異なる組織標本からのqRT−PCRのデータを比較することを可能にするために、インプットRNAの量および質の相対差異を補正することが必要である。これらの差異は、外科用組織標本の処理における固有の可変性(組織の相対量および手術間の期間、ならびに、ホルマリン固定の質および持続期間を含む)から、主に生じる。二次的考慮事項は、定量化、cDNAへの逆転写、およびPCRを介するRNA抽出からの各サンプルを処理する間に生じた累積する可変性である。この補正は、異なる組織標本間での発現中央値がほとんど変化しない遺伝子(「参照遺伝子」)のセットに対して、生の発現値を正規化することによって慣用的に達成される。

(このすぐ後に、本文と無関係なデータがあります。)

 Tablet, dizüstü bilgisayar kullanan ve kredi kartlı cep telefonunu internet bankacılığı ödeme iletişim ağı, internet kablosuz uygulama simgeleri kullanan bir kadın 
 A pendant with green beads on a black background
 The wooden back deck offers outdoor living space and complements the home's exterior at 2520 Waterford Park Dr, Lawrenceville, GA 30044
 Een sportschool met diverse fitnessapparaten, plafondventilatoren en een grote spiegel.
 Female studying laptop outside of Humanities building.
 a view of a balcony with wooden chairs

保管貯蔵が長引くにつれRNAが分解し続けることの観察(図2、上記)は、qRT−PCRシグナルが保管貯蔵が長引くにつれ減衰する傾向にあるのかどうか、そして、もうしそうである場合は、参照遺伝子への正規化は、この傾向を補正し得るかどうかという疑問をもたらした。図3は、92個すべての遺伝子についての6個の参照遺伝子に対する発現の平均値(±SD)を示す。

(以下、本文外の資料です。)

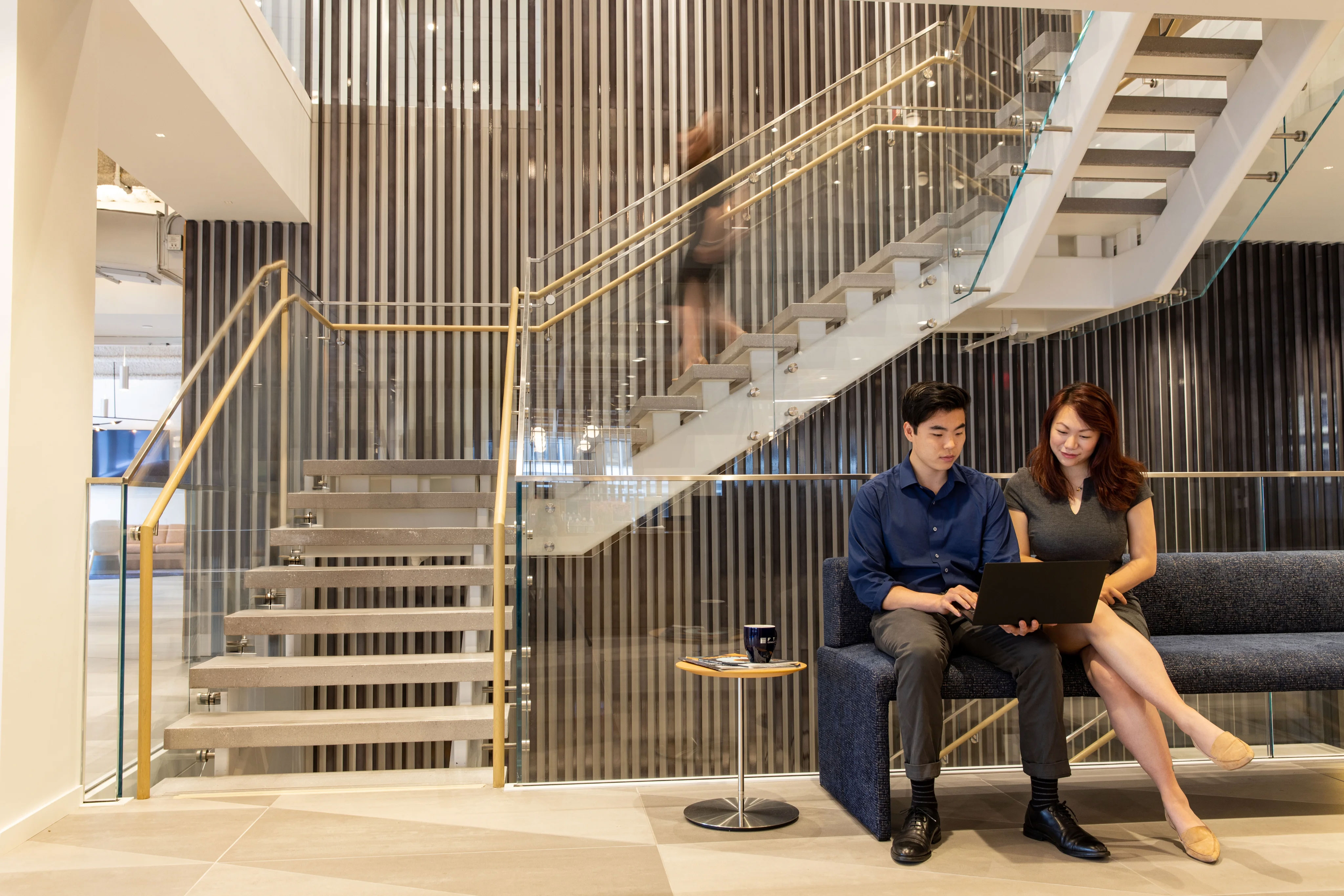 Two professionals on a bench with a large staircase behind them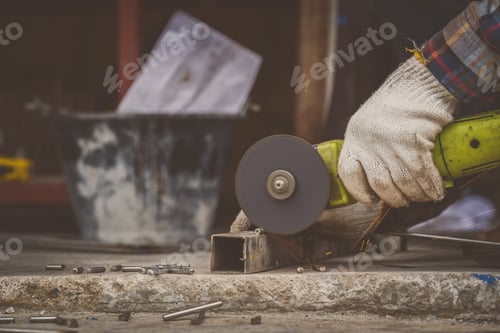 Preview: Metal Worker Using Grinder on Metal Square Tubing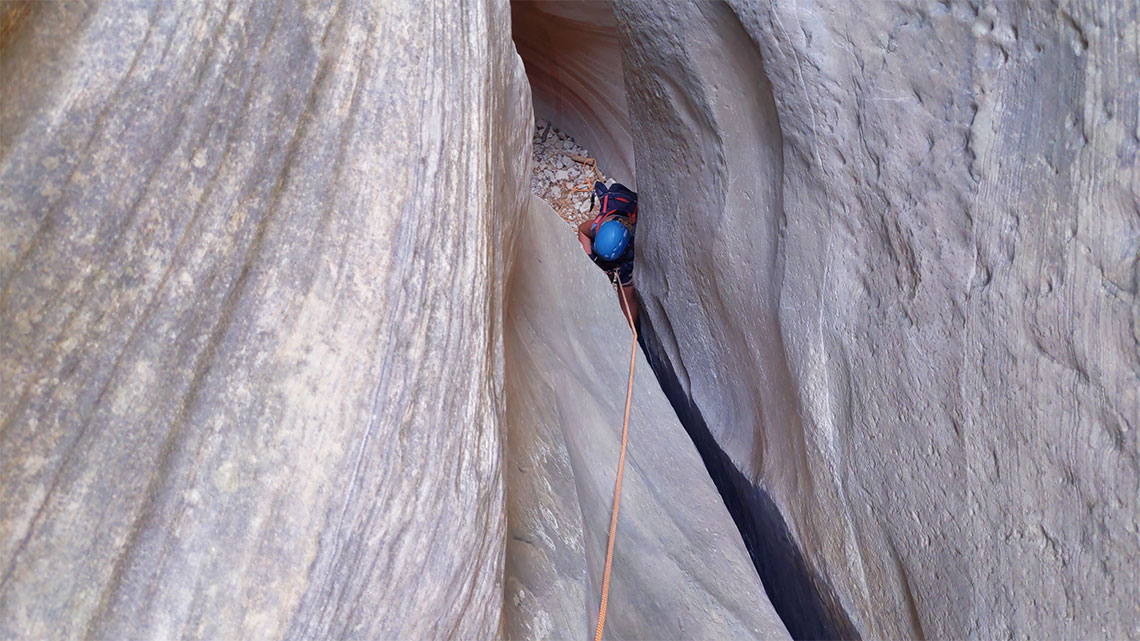 Squeezing down the tight 9th rappel in Englestead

92個の遺伝子の研究のために使用した62個の標本のそれぞれを、3つの時間範囲(具体的には、2001年、約1996年、および約1985年)のうちの1つの範囲内で補正した。図4A中の各記号は、62個の試験された患者標本のそれぞれについての試験された遺伝子のすべてにわたる平均Cを示す。示されるように、最も古い標本からのC値は、より新しい標本からのC値(平均値31.0)よりも、実質的に、高い(平均値35.3)。なぜなら、C尺度はlogであり、2001年と1985年との間の5単位のC単位の損失は、qRT−PCRシグナルの平均の90%より高い低下を表すからである。

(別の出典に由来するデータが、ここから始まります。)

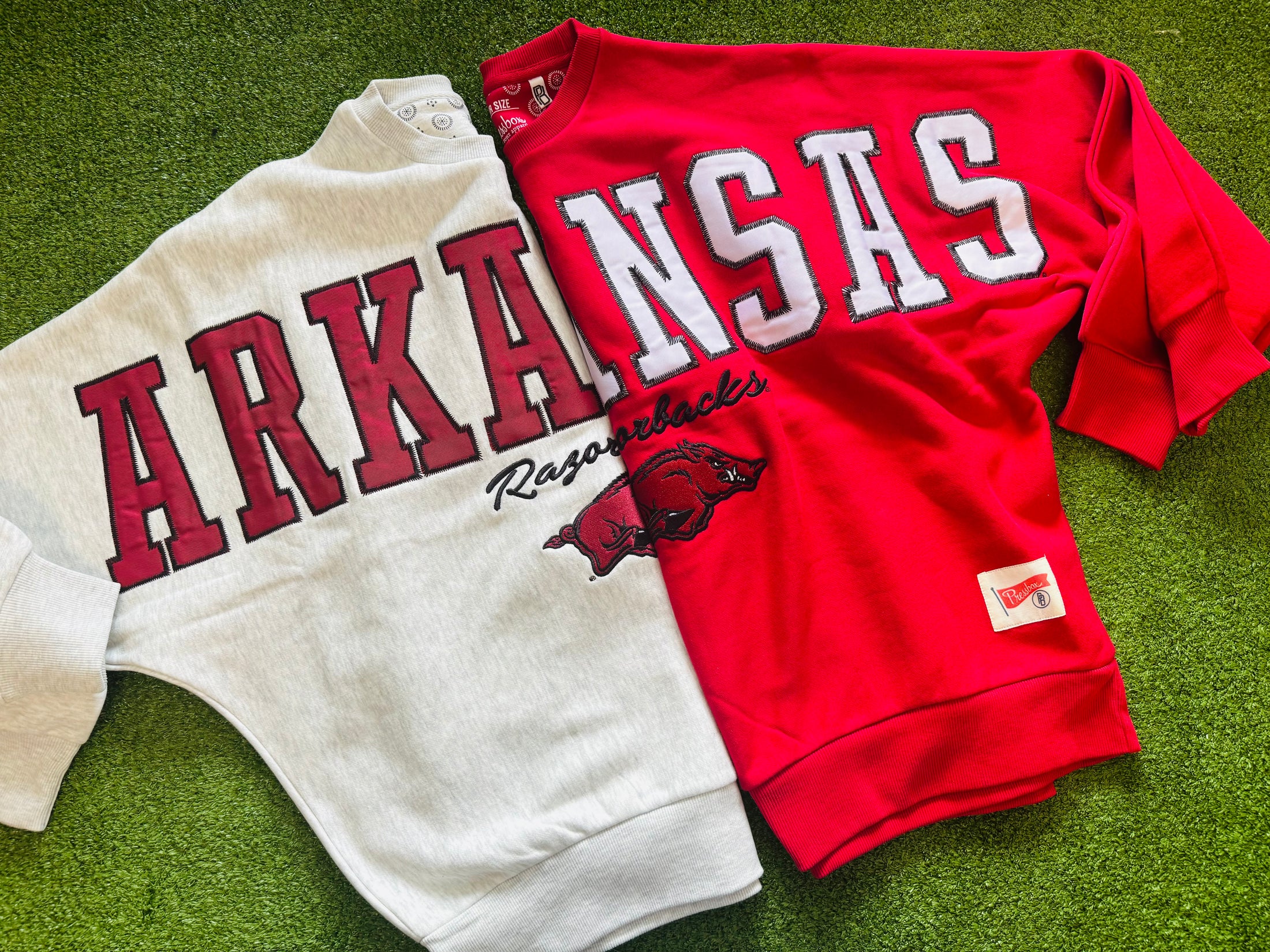Two sweatshirts, one white and one red, with 'ARKANSAS Razorbacks' text on a grass background. Razorback store in Fayetteville arkansas, arkansas sweatshirts women, university of arkansas crewneck, arkansas razorback store, store near me, Fayetteville ar stores, Arkansas razorback store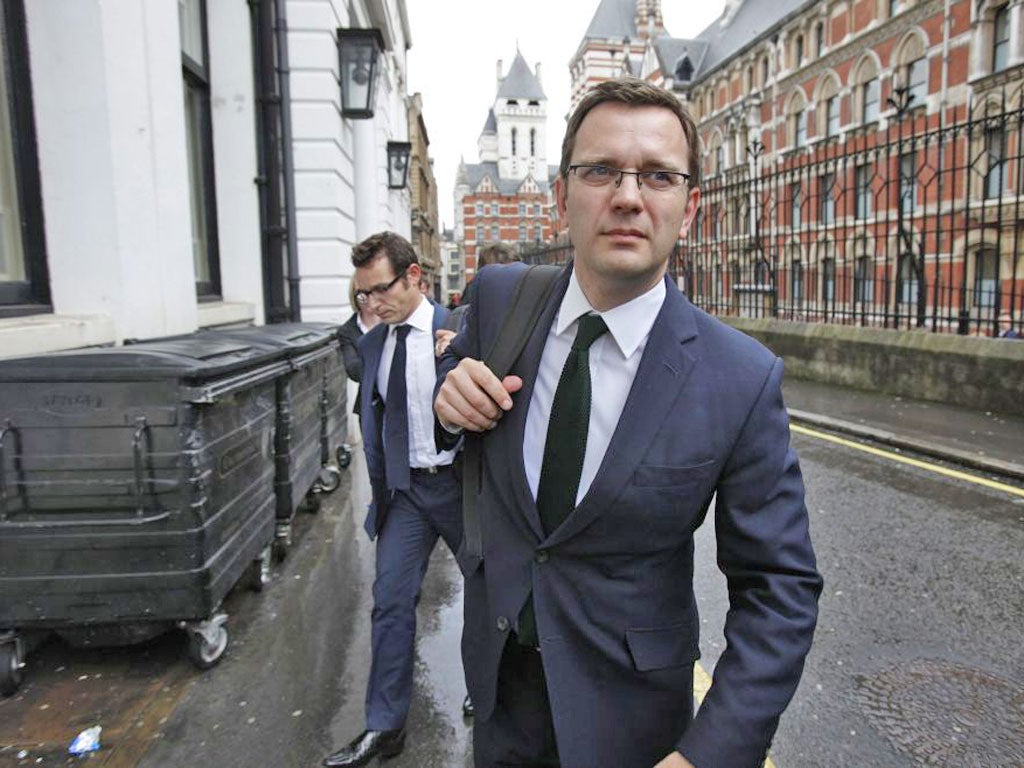 Andy Coulson leaves the Leveson Inquiry yesterday after giving evidence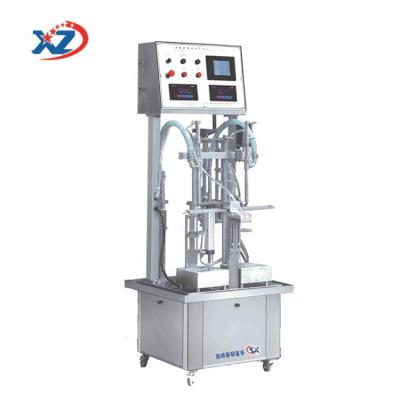 China Food Double Heads Liquid Filling And Weighting Machine for sale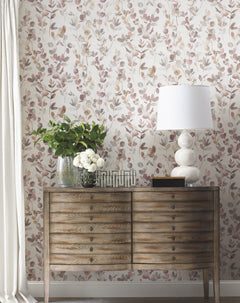Candice Olson Joyful Eucalyptus Wallpaper featuring a watercolor pattern of delicate eucalyptus branches in muted pink and green tones, shown behind a wooden dresser topped with a lamp and vases of greenery and white flowers.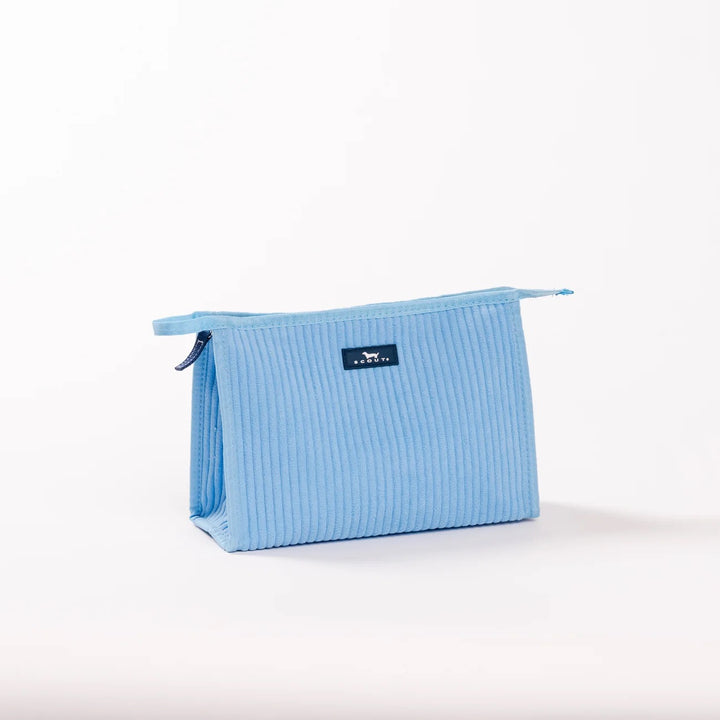 A light blue ribbed fabric zippered pouch with a small black brand label on the front, photographed on a clean white background.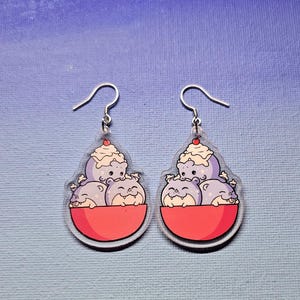 May include: A pair of dangle earrings featuring a cartoon design. Each earring has a red bowl with three purple creatures and a scoop of ice cream with a cherry on top. The earrings have silver-colored fish hook closures.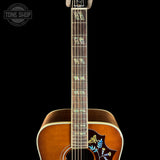 Close-up of the neck and lower body of an acoustic guitar against a black background, showing a natural wood finish, decorative inlay on the fretboard, and floral inlay on the lower bout.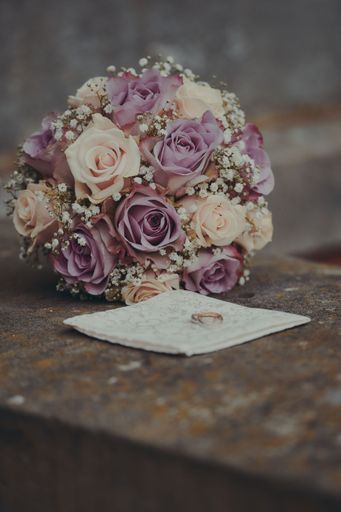 A pair of golden wedding rings on white fabric by bouquet of beautiful roses on the table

正規化(6個の遺伝子の参照セットを使用)は、パネル4Aに見られる曲線の傾きを平坦化し、そして、FPE標本の長期間の保存の結果生じたqRT−PCRシグナルの損失を保証して、このバイアスを効果的に補正する(図4B)。図4Bに示される分析に類似する分析はまた、遺伝子毎のベースで行われた(データは示さず)。一般に、生データを生じた個々の遺伝子は、正規化前の図4A中の曲線に、および正規化後の図4Bに、おおよそ対応した。しかしながら、12個の遺伝子について、ブロックの年齢は、正規化された発現の平均値の上昇に相関付けした。これらの12個の遺伝子について、平均アンプリコンサイズは、パネル中の他の遺伝子の平均アンプリコンサイズ(78±11塩基)よりも、大きかった(104±15塩基)。
従って、可能な場合、プローブセットおよびプライマーセットは、70〜85塩基の比較的に狭い範囲内で適合するように、再設計された。再設計されたプローブセットおよびプライマーセットを用いて、正規化は、保管貯蔵関連バイアスを保証したことが見出された。従って、最適には、アンプリコンサイズは、長さで限定されなければならないだけでなく、試験遺伝子および参照遺伝子のアンプリコンの長さでも、効果的に同じでなければならない。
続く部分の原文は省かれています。